If we take out the 'long' test, we see a rather different picture: the performance of non-Python languages varies by more than a factor of 3 (instead of just under 2), and with Psyco, we now catch up to within a factor of 2 of Java.
However, I'm not just fiddling with the numbers. There's solid justification for getting rid of this test from the data: it is unfairly biased against Python because *in Python, 'long' is an arbitrary-precision data type* (equivalent to the library BigInt class in Java, for example) whereas in the others, it is simply a larger integer primitive. The authors claim to test 64-bit integer arithmetic, but there is no such type in Python.

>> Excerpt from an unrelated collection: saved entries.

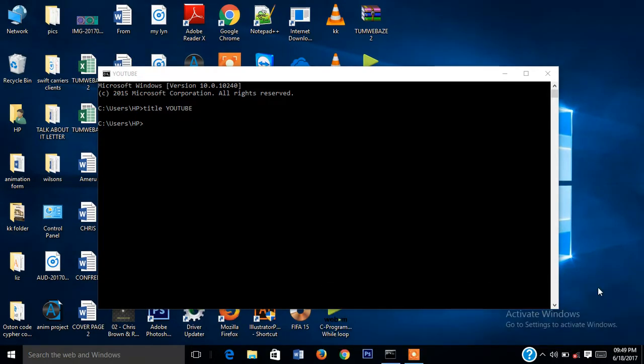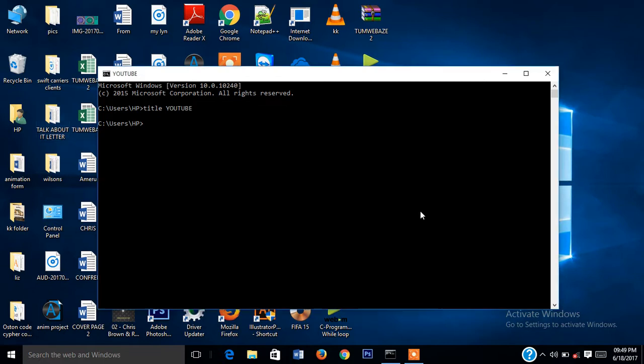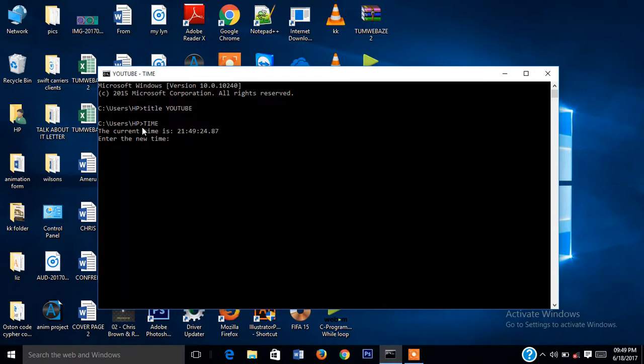So we are going to try if you want to check the current time on your PC. You have to type this command. It will ask you to enter the new time you want, but for this time I'm not going to do anything.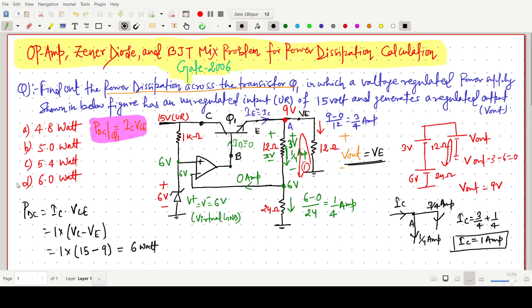The correct answer is 6 watt. This is a GATE common data question. We only need to apply KVL, KCL, and know the basic concepts of the Zener diode and op-amp virtual ground — because with open-loop op-amp the inverting input equals the non-inverting input voltage, giving 6 volt. Power dissipation using IC × VCE formula gives 6 watt.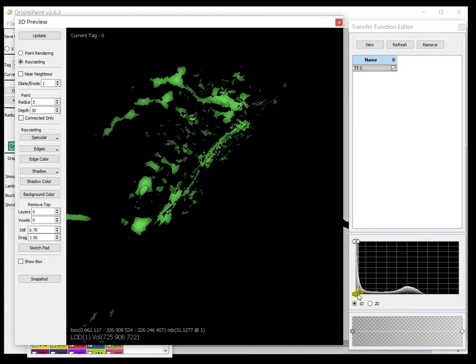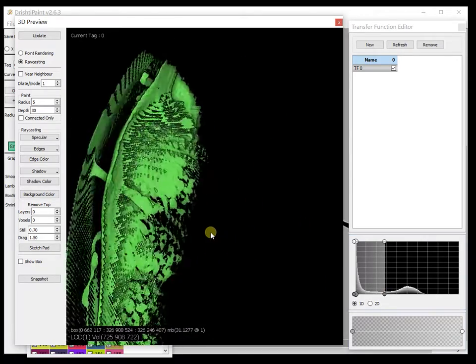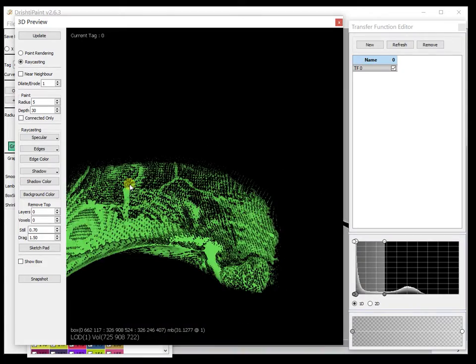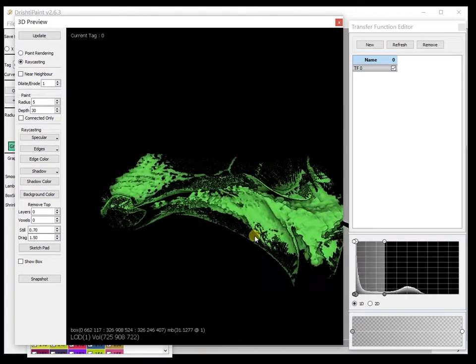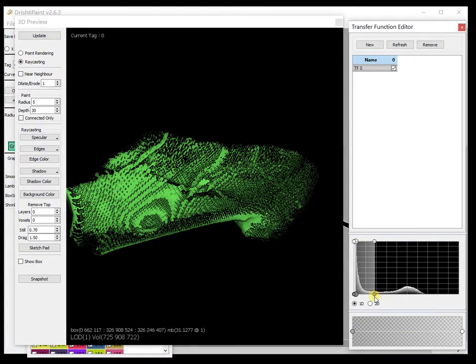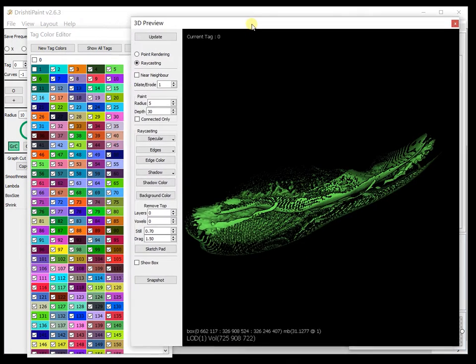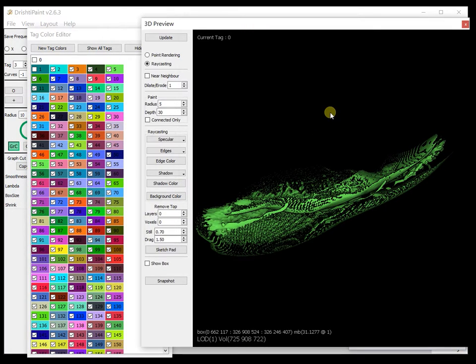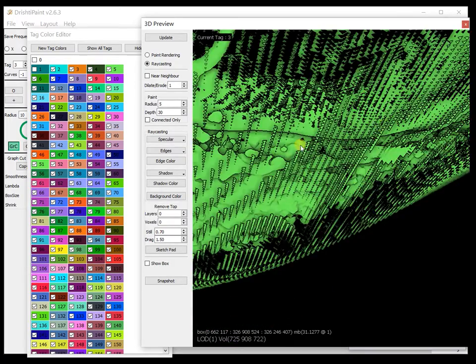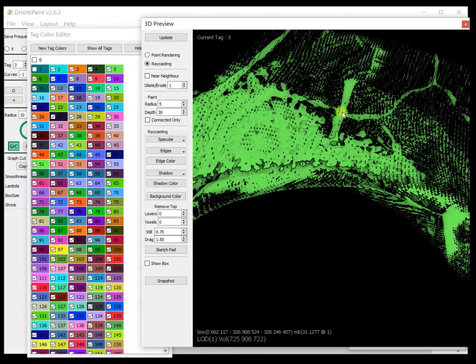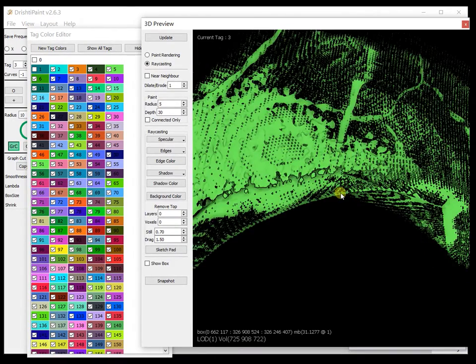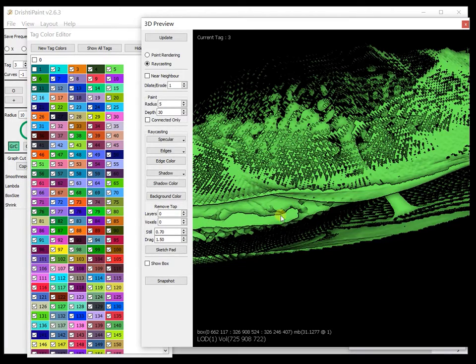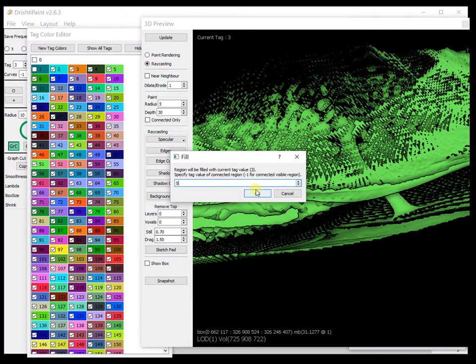Okay, now let us increase the transfer function and let us now tag this region here with a different tag value. Let's call it three. So this region here and this one here, hover over this and then press F. We want only tag number five to be filled with tag number three and that's only the connected voxels to this region here.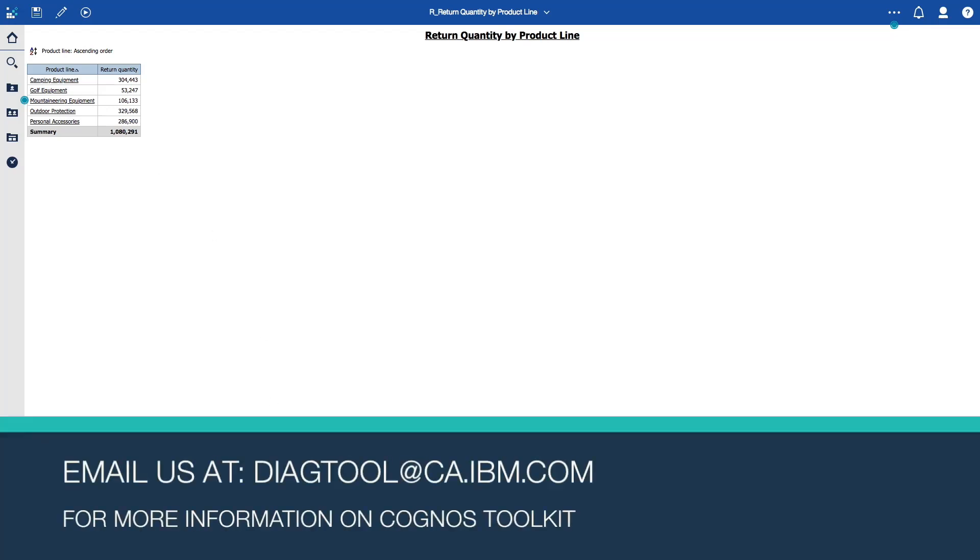Thanks very much for watching this video. If you'd like to hear more about Cognos Toolkit, please check the links below or reach out to us at diagtool at ca.ibm.com. Thanks very much.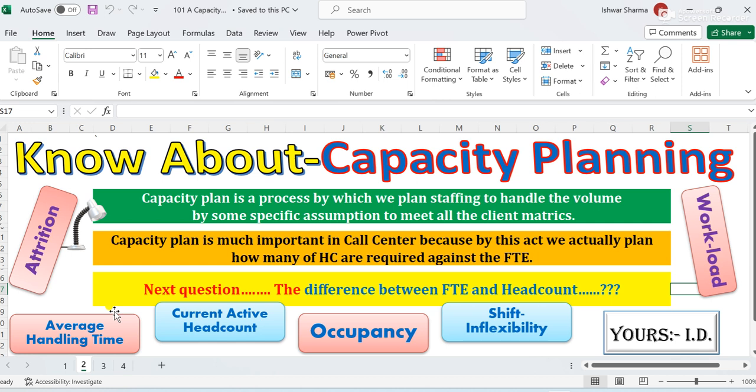In short, headcount is the total number of employees in an organization. FTE, on the other hand, refers to how many hours need to be worked to meet your target — that is FTE. If you want more detail on the difference between headcount and FTE, you can watch my other video in the video list.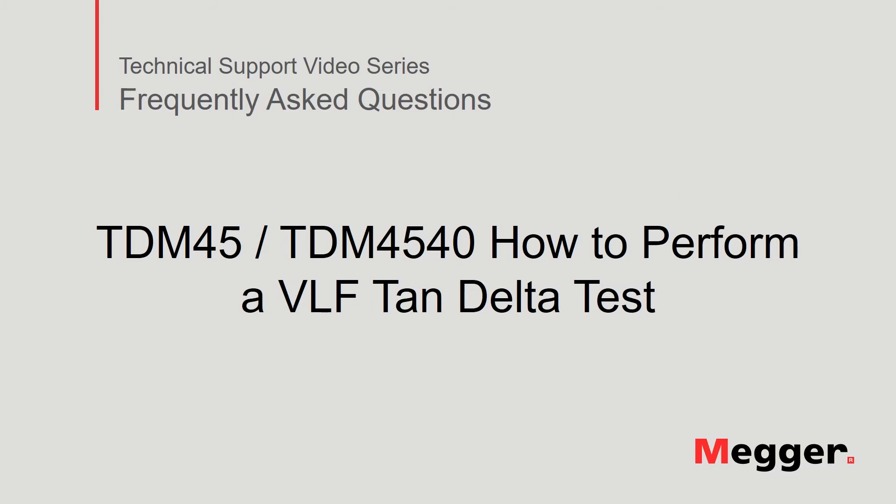Hello, welcome to Megger's technical support video series, Frequently Asked Questions. In this video, we will discuss how to perform a VLF tan-delta test using the TDM45 or the TDM4540. Let's get started.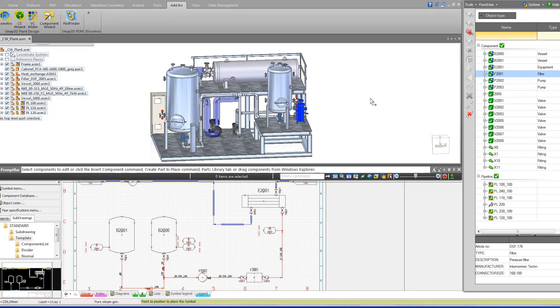Solid Edge P&ID and Piping speeds plant design, ensuring they are right the first time, every time.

It occurs to me that, as the test is described, the other languages would not actually calculate the same result. When the code gets to the first multiplication, it should evaluate 10,000,000,002 * 10,000,000,003, which won't fit in 64 bits (since each operand - deliberately, mind - doesn't fit in 32).
Interesting read. The staggering performance loss associated with Python intrigues me, in particular. The reason: I've been closely following the development process of one CCP hf, an Icelandic gaming company which owns a multiplayer online game which hosts up to fourty-five thousand players at peak time.... And its server is written entirely in Python O_O;;
Five years old, now, the game has scaled admirably in light of all the hardware improvements that've occurred. However, it's really struggling to keep it's head above water since Python's stackless implementation has really poor (read: non-existent) support for system-level multi-threading and multi-core process support. CCP hf has been beating their heads against the glass for about a year now, and I would be surprised if they haven't come to regret their decision to deploy an interpreted language solution back in 2002. They can only expand vertically so far - they've already got a tremendously powerful server farm; and Python limitations are preventing them from expanding horizontally with multi-core support. CCP has ended up looking at alternative solutions like infiniband to fill in for Python's shortcomings.
again. would you be willing to run this test again.
I think performance still matters, we shouldn't use new hardware as a crutch for producing sloppy, poor performing code.
I think one thing to be considered is the cost of maintaining code. C++ will be more difficult to maintain than VB.NET code, so there is a trade off for the speed. Also, each language can be considered a tool, pick the right tool for the application. The good news is whether you pick VB.NET (VB), Java, or C#, performance should be relatively the same. For most business applications, any of these languages should suffice. As the processing demands increase, you want to get closer to the hardware, so that's when C++, C, or even assembly come into play. These will be specialized applications that demand the highest of performance.
I think it boils down to what you know. If you have been using VB for a long time, no need to learn Java, just develop in VB.NET. So, the path you choose for the next application should be with your strengths with previous applications, because performance doesn't matter between C#, Java, and VB.NET.
Would you be willing to run this test again and include Google Chrome?